Foreign Loans. Various German organizations are negotiating to borrow $100,000,000 in the U. S.; Greece wants $75,000,000; Hungary $5,000,000 (for its Reformed and Lutheran churches). President Charles Edwin Mitchell of the National City Bank (Manhattan), last week told German bankers that $150,000,000 of foreign bonds offered in New York have remained unsold. That condition will doubtless force new foreign borrowers to offer high rates of interest (7% or more) for new loans.

Money for stock exchange deals bobbed up and down last week. It fell to 6%, one per cent higher than the Federal Rediscount rates. Stock gamblers borrowed heavily. When they wished to renew loans to support their speculations the call rate scooted up to 8%. Nonetheless trading continued heavily, and the rate became 10%.

Broom corn grows in sandy Kansas, Illinois and Oklahoma soil. It is still a valuable crop, despite vacuum cleaners' wide use. The U. S. crop this year is worth about $4,000,000. Last week growers set up a cry; they need harvest hands at once, else the crop may be spoiled.

Seat. Samuel Ungerleider, 43, like many young Hungarian Jews who migrated to the U. S. before the War, went first into the liquor business here, at Wheeling, W. Va., and Bridgeport, Ohio. In 1920 he organized his brokerage and investment banking firm at Cleveland. Last week he sold for a nominal sum his seat on the New York Stock Exchange to Emil Jay Roth of Cleveland, his nephew. Tyro member Roth was 21 last July 4, and is the youngest member ever admitted to the New York exchange.

Dividends paid during September totaled $277,666,833. For August the total was $321,208,644, for the 1927 September $242,000,841. A half billion dollars is the estimate for dividends and interest paid to investors during the last few days of September and the first few of this month--$125,000,000 dividends on stock of about 500 companies, $375,000,000 interest on bonds including Governmentals.

Stock Trading on the New York exchange during September was larger than for any previous month--90,906,718 shares.

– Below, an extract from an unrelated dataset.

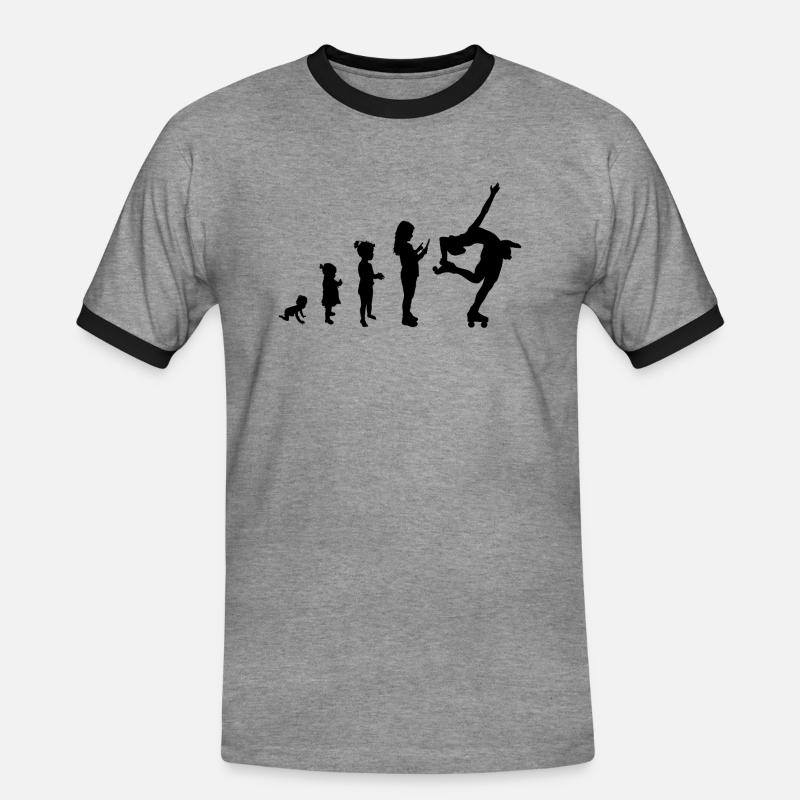 Evolution roller skating 2 - Men's Ringer Shirt - heather grey/black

August trading was 67,703,538 shares.

Russian Coal to Boston. Boston is close to 5,000 ship miles from the Don coal basin of Russia; Boston is about 300 miles from the anthracite coal mines of eastern Pennsylvania, about 600 from the bituminous deposits of Western Pennsylvania and of West Virginia. Yet the difference between production and shipping costs is enough for Boston to buy a shipment of coal from Russia.

Dining Cars. To operate 156 dining cars last year cost the New York Central $7,032,798. Income was $5,760,338, loss $1,272,460.